Work order ::
No pictures belong in the copy. Set down exactly the lines from the one that contains "location appartement 4" through the end of the data.

=== Section Start ===

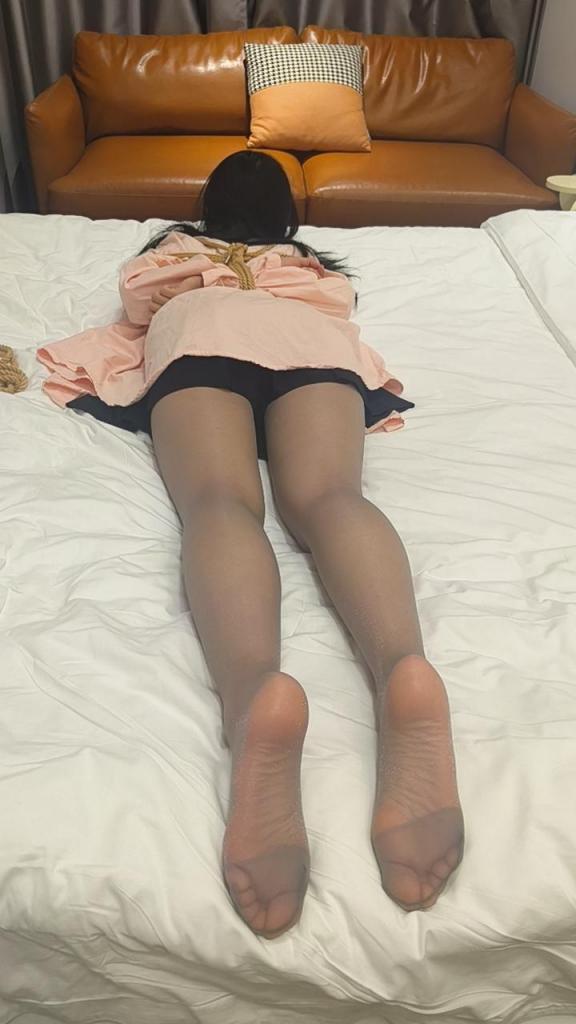 【番茄原创】06年的新模小敬 闪亮银丝灰丝 口球 走光裙底 tk [X_X] 很有礼貌 五官立体长得好看脚也好看 【番茄原创】06新人小敬 闪亮银丝灰丝 裙底 口球太大了小嘴塞满了，五官很立体 tk [X_X]后面还有挣扎脱缚,价格不高请支持正版，约绳拍摄定拍可私qq:1283522083(再说一遍加我注明来意，注明来意！！！！！约绳的男性勿扰，暂时不接，江浙沪及安徽地区可约）<span style='color:#b0b0b0;'>[隐藏文字，购买后可见]</span>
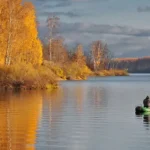 рыбаки на озере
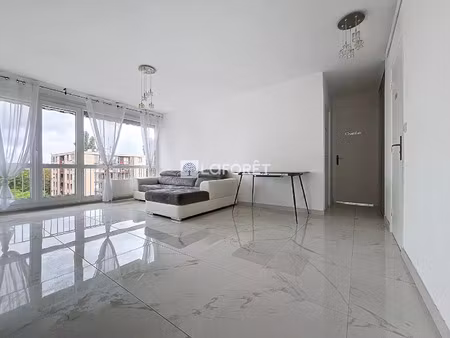 location appartement 4 pièces 70 m² à bourgoin-jallieu (38300)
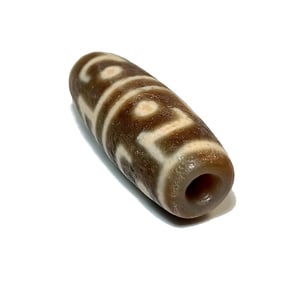 A FINE SINO-TIBETAN AGATE DZI BEAD 8 EYES TIGER CLAW 42MM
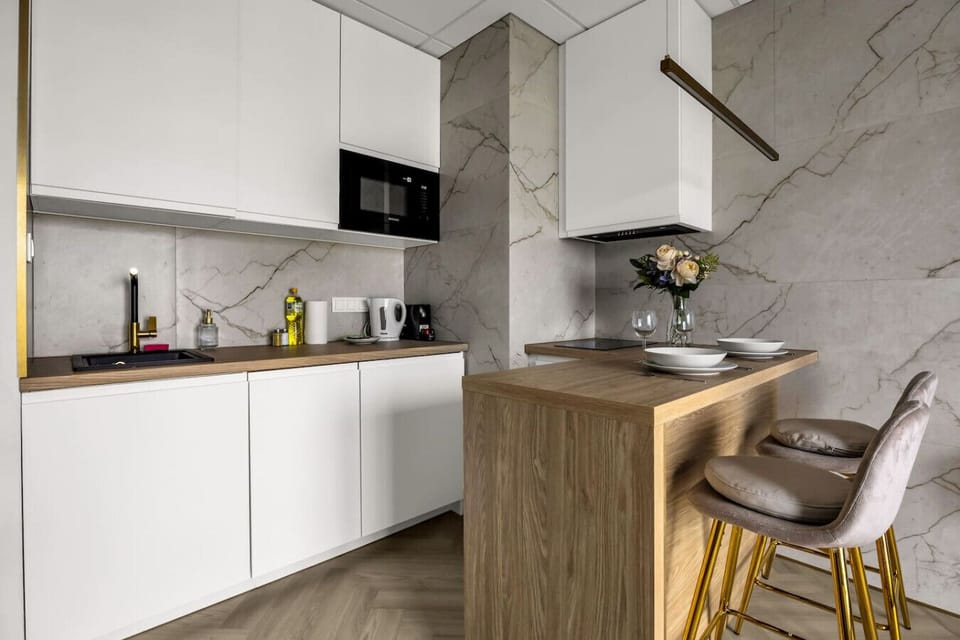 Modern Kitchen – Fully Equipped with Peninsula Counter and Open Living Space Design | Book Now with RENTUJEMY.COM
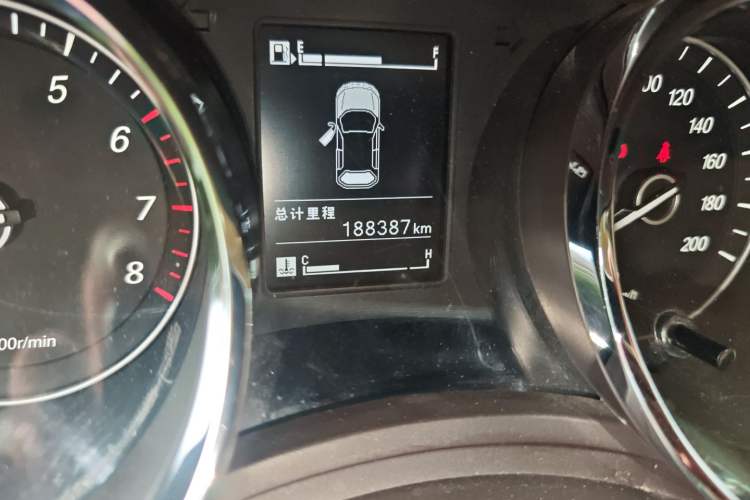 Used Baojun 730 2014 1.5L manual luxury trim 7 seats
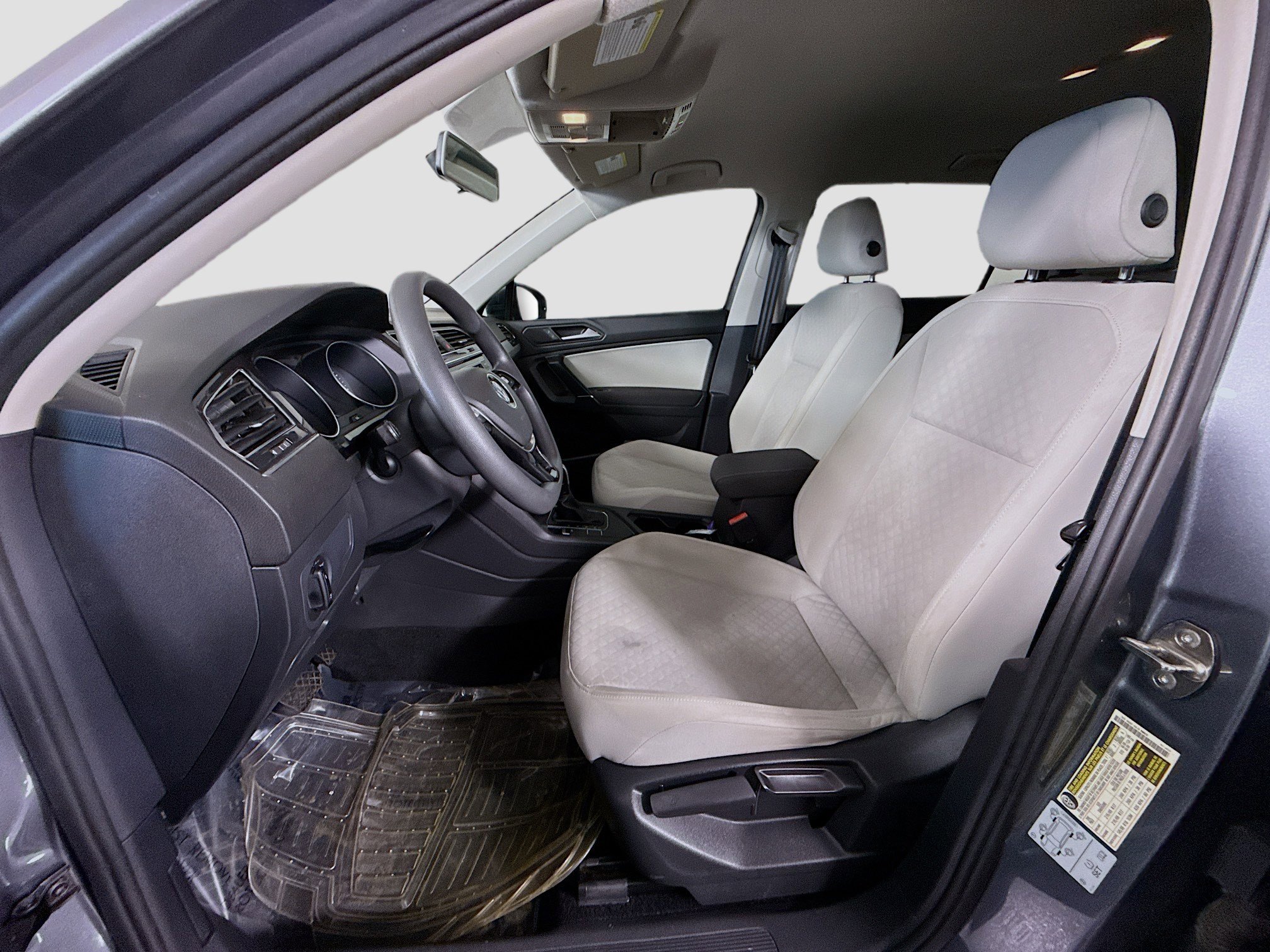 Used 2020 Volkswagen Tiguan S image 21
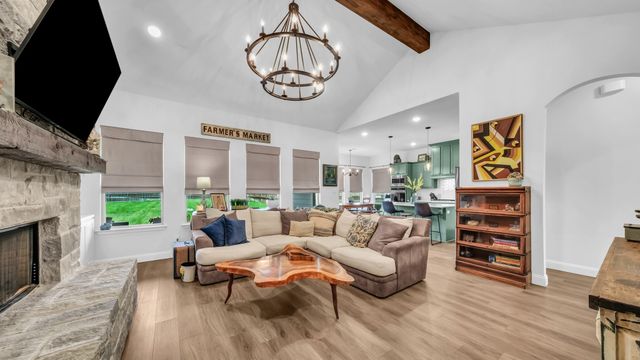 119 Oak View Drive, Godley, TX 76044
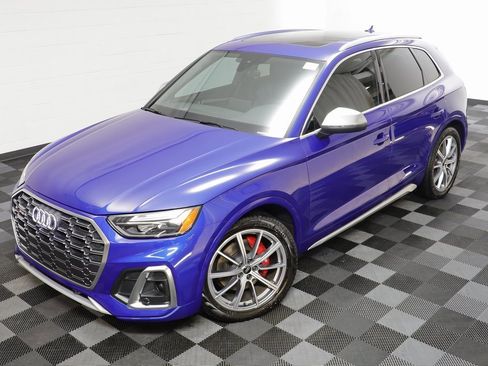 Used 2024 Audi SQ5 Premium Plus image 2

=== Section End ===

Problem solution ::
 location appartement 4 pièces 70 m² à bourgoin-jallieu (38300)
 A FINE SINO-TIBETAN AGATE DZI BEAD 8 EYES TIGER CLAW 42MM
 Modern Kitchen – Fully Equipped with Peninsula Counter and Open Living Space Design | Book Now with RENTUJEMY.COM
 Used Baojun 730 2014 1.5L manual luxury trim 7 seats
 Used 2020 Volkswagen Tiguan S image 21
 119 Oak View Drive, Godley, TX 76044
 Used 2024 Audi SQ5 Premium Plus image 2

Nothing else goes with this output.